- Also known as: Love in the dock
- حب في قفص الاتهام
- Genre: Soap opera
- Written by: Ben Sufyan Zarah laajaimi
- Story by: Soufiane Ben Zarara
- Directed by: Bachir Sellami
- Starring: Sara Lalama Bahia Rachedi Amel Himer Mohammed Adjaimi
- Country of origin: Algeria
- Original language: Arabic
- No. of seasons: 1
- No. of episodes: 30

Production
- Production location: Algeria
- Running time: 45 minutes
- Production company: EPTV GROUP

Original release
- Network: Télévision Algérienne
- Release: 18 June – 16 July 2015

= Hob Fi Kafas El Itiham =

Algerian television soap opera

Love in the dock (حب في قفص الاتهام; Hob Fi Kafas El Itiham) is an Algerian television soap opera directed by Bachir Sellami.

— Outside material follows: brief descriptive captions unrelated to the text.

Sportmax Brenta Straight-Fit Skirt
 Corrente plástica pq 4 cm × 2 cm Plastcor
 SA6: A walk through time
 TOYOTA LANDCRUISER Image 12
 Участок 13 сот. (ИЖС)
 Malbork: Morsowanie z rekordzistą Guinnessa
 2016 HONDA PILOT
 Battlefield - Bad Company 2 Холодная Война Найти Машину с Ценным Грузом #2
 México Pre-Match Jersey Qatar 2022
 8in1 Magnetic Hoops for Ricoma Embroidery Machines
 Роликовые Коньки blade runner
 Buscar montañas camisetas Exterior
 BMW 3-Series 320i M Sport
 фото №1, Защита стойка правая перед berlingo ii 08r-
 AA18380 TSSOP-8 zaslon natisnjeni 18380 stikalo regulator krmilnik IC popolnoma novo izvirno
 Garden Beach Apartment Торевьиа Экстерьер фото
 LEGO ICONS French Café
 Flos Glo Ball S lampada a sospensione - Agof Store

Broadcast from 18 June to 16 July 2015, the show aired on the channel A3 on Télévision Algérienne. The show aired during Ramadan, the month of fasting and religious observance in Islam.

== Premise ==
The series follows Yasmine, a young woman from a respectable, conservative Algerian family. Yasmine travels to the United States to complete her education, but ends up marrying a member of the Algerian American community and becomes pregnant. She returns to Algeria, hiding her marriage and pregnancy from her family.

== Cast ==

- Sara Lalama as Yasmine, (2015)
- Bahia Rachedi
- Amel Himer as Zainab, Yasmine's mother (2015)
- Mohamed Adjaimi as Hussein, Yasmine's father (2015)
- Ammar ?
- Sikritir Mimouni as Tariq
- Mustapha Laribi
- Abdel Nour Ba'omar as Riad
- Louisa Arpag
- Vezah Tokorta
- Nawal Fayza
- Noureddine Boussouf
- Jamal Awan
- Zakaria bin Mohammed
- Amal Hanifa
- Suha Oolhy

== Release ==
The show was released on 18 June 2015 on the channel A3.